Pero “excrito” no es una palabra de la lengua, y tampoco se puede, como estoy haciéndolo aquí, fabricarla sin ser desollados por su barbarie. La palabra “excrito” no excribe nada y no escribe nada, realiza un gesto torpe para indicar lo que debe solamente escribirse, en el siempre incierto pensamiento mismo de la lengua. “Queda la desnudez de la palabra escribir”, escribe Blanchot[2], que compara esta desnudez con aquella de Doña Edwarda.
Queda la desnudez de Bataille, queda su escritura desnuda, que expone la desnudez de toda escritura. Equívoca y clara como una piel, como un placer, como un miedo. Pero la comparación no es suficiente. La desnudez de la escritura es la desnudez de la existencia. La escritura está desnuda porque “excribe”, la existencia está desnuda porque está “excrita”.
De una a otra pasa la tensión violenta y ligera de esta suspensión del sentido que forma todo el “sentido”: este gozo tan absoluto que no accede a su propio goce sino perdiéndose en él, volcándose en él, y que se presenta como el corazón ausente (la ausencia que late como un corazón) de la presencia. Es el corazón de las cosas que existe excrito.
En un sentido, Bataille debe estar presente con esta presencia, que aparta la significación, y que sería, ella misma, la comunicación. No una obra recogida, hecha comunicable, interpretable (todavía, las “Œuvres complètes”, tan valiosas y tan necesarias, provocan un malestar: comunican completo aquello que no fue escrito más que por pedazos y por venturas), sino por el paso finito de una excripción de la finitud. En ella se descarga un goce infinito, un dolor, una voluptuosidad tan reales que tocarlos (leerlos excritos) nos convence enseguida del sentido absoluto de su no significación.
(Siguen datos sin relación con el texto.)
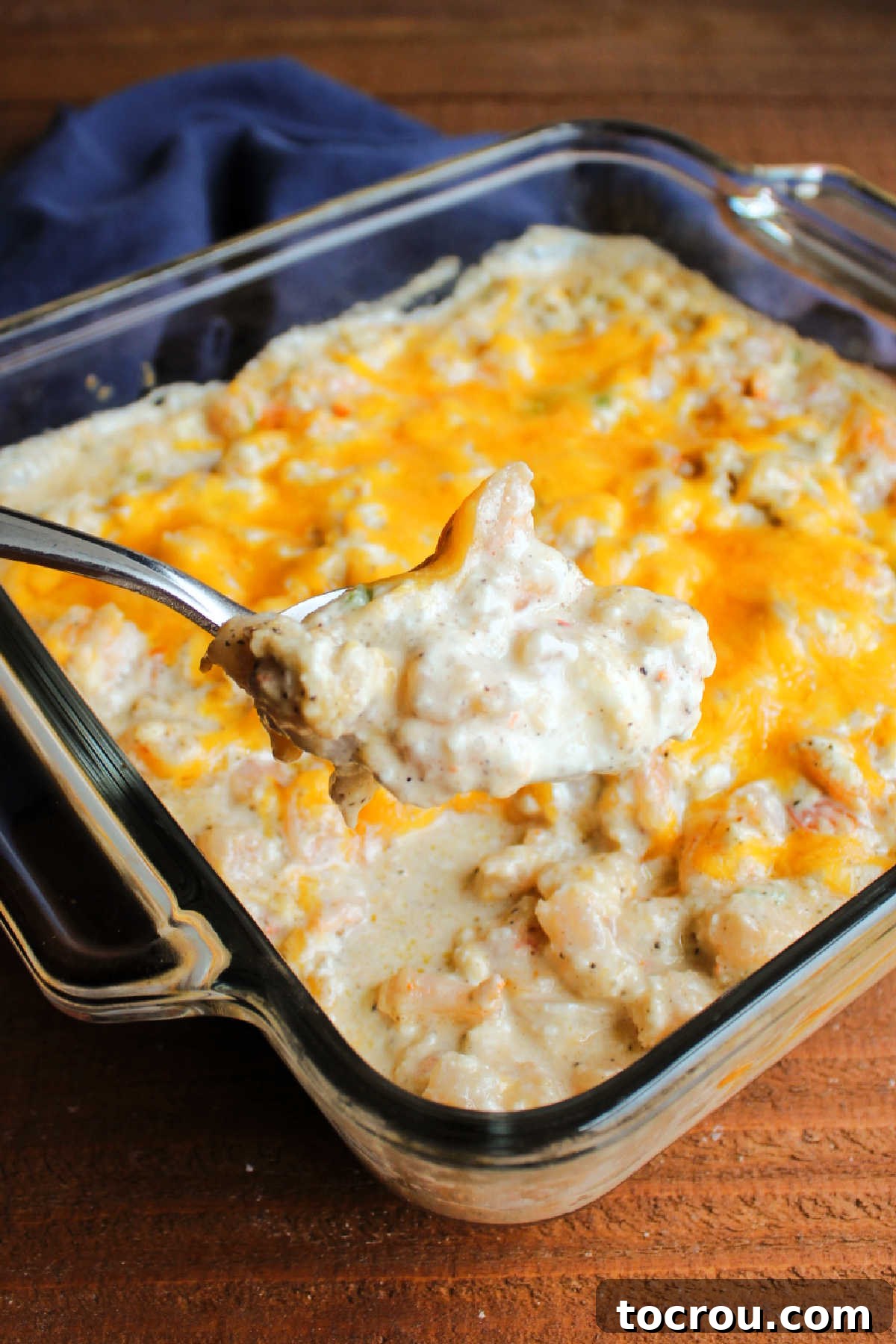 A serving spoon carefully lifts a generous portion of hot, cheesy Cajun shrimp dip from a baking dish.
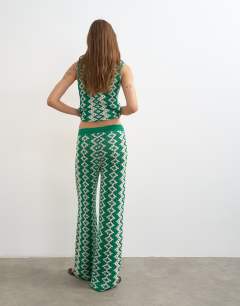 Model wearing Knitted patterned crochet look co-ord trouser in green and white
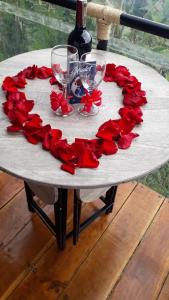佩雷拉Glamping Casa Viva的红玫瑰心和酒杯的桌子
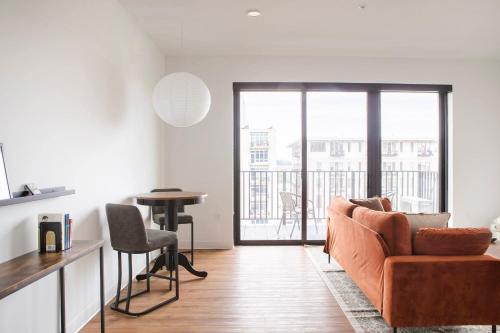 a living room with a couch and a table at Chic East Side 1BR Apt with Balcony, Pool, and Gym in Milwaukee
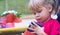 Baby girl holding a mobile phone. Little Caucasian girl playing with smartphone in summer park. Child learning how to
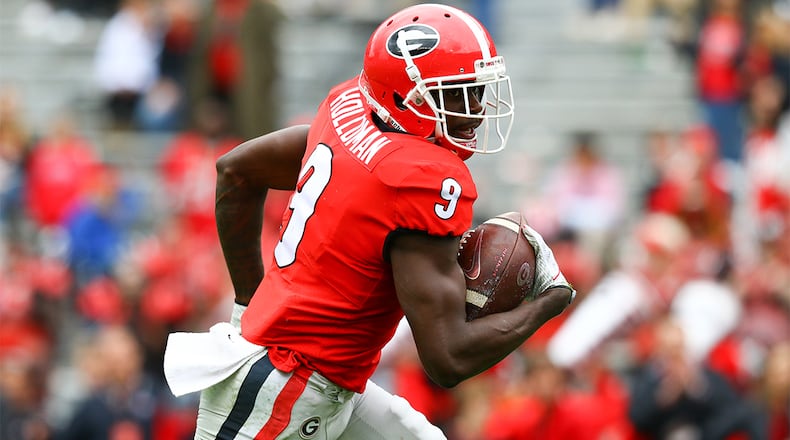 Georgia wide receiver Jeremiah Holloman (9) scores a touchdown during G-Day Saturday, April 20, 2019, at Sanford Stadium in Athens,.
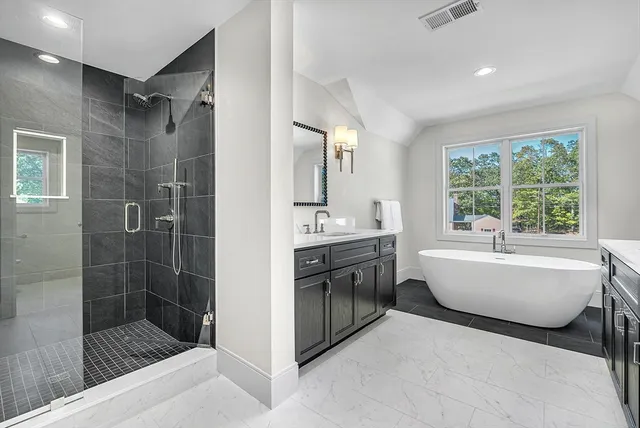 a bathroom with a bathtub a sink a window and a shower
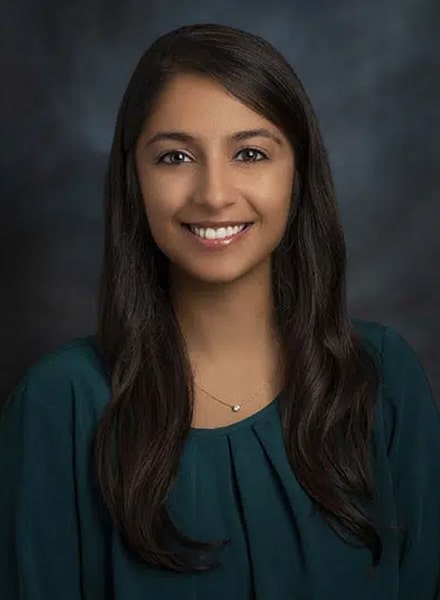 a woman who is smiling and looking at the camera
En un sentido aún, es Bataille mismo muerto. Es decir, la exasperación de cada momento de lectura en la certeza de que el hombre existió, de que escribió lo que se lee, y la evidencia desconcertante de que el sentido de su obra y el sentido de su vida son la misma desnudez, el mismo desnudamiento de sentido que además las separa la una de la otra —con toda la distancia de una e(c)scritura.
Bataille muerto y sus libros entregados de modo tal que su escritura los abandona: es la misma cosa, es el mismo interdicto de comentar y de comprender (es el mismo interdicto de matar). Es la misma detención implacable y jovial que debe darse a toda hermenéutica, para que la escritura (y) la existencia, otra vez, puedan exponerse: en la singularidad, en la realidad, en la libertad del «destino común de los hombres» (XI, 311).
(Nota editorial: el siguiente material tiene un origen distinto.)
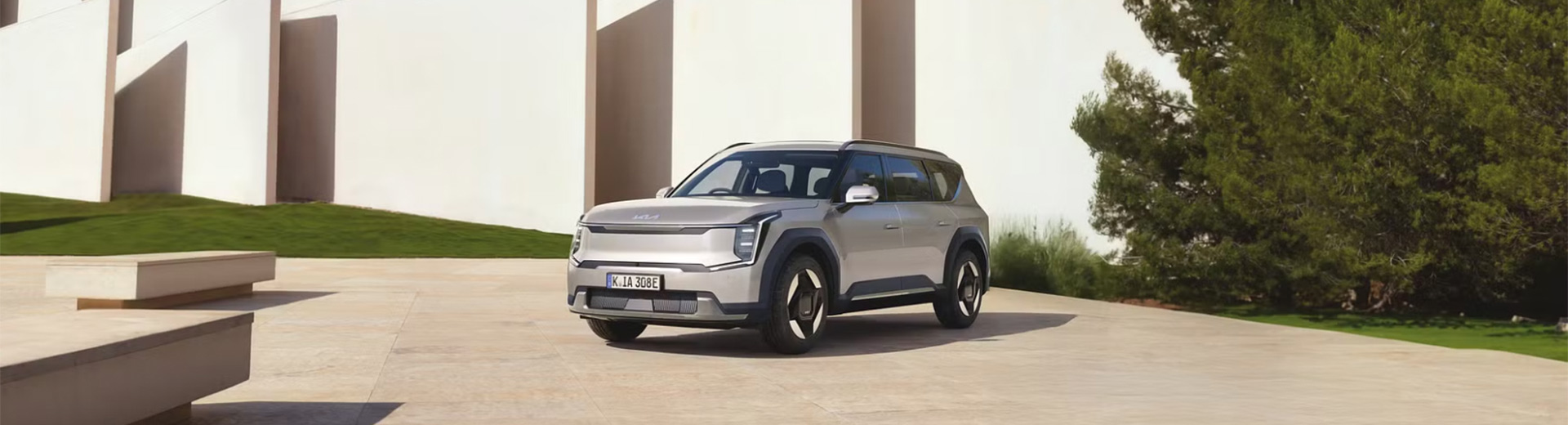 En-silverfärgad-Kia-EV9-parkerad-framför-en-modern-vit-byggnad-i-solljus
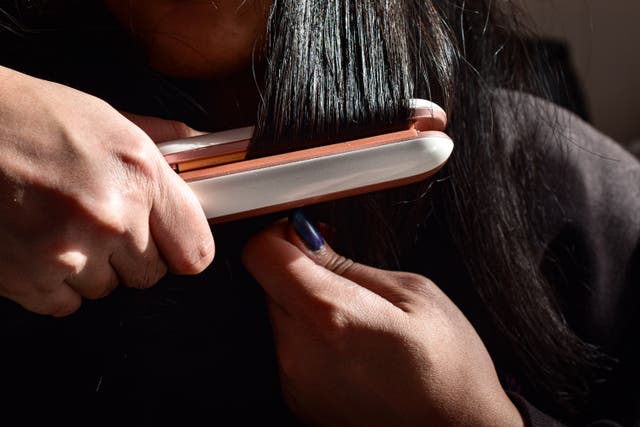 <p>A woman uses a flat iron to straighten her hair. Formaldehyde, a dangerous chemical found ‘nearly everywhere’ and used to help smooth curls, has been determined to present an ‘unreasonable risk of injury to human health, the Environmental Protection Agency said Thursday  </p>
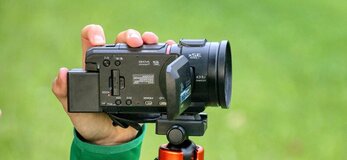 Zdjęcie przedstawia rękę trzymającą kamerę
Hablando de la muerte de Bataille, Blanchot escribe: «La lectura de los libros debe abrirnos a la necesidad de esa desaparición en la cual se retiran. Los libros mismos remiten a una existencia[3]».
*En: Une Pensée Finie, París: Galilée, 1990, pp. 55-64.
[1] L’entretien infini, París: Gallimard, 1970, pág. xxxvi.
[2] Après-coup, París: Minuit, 1983, pág. 91.
[3] L’amitié, París: Gallimard, 1973, pág. 327.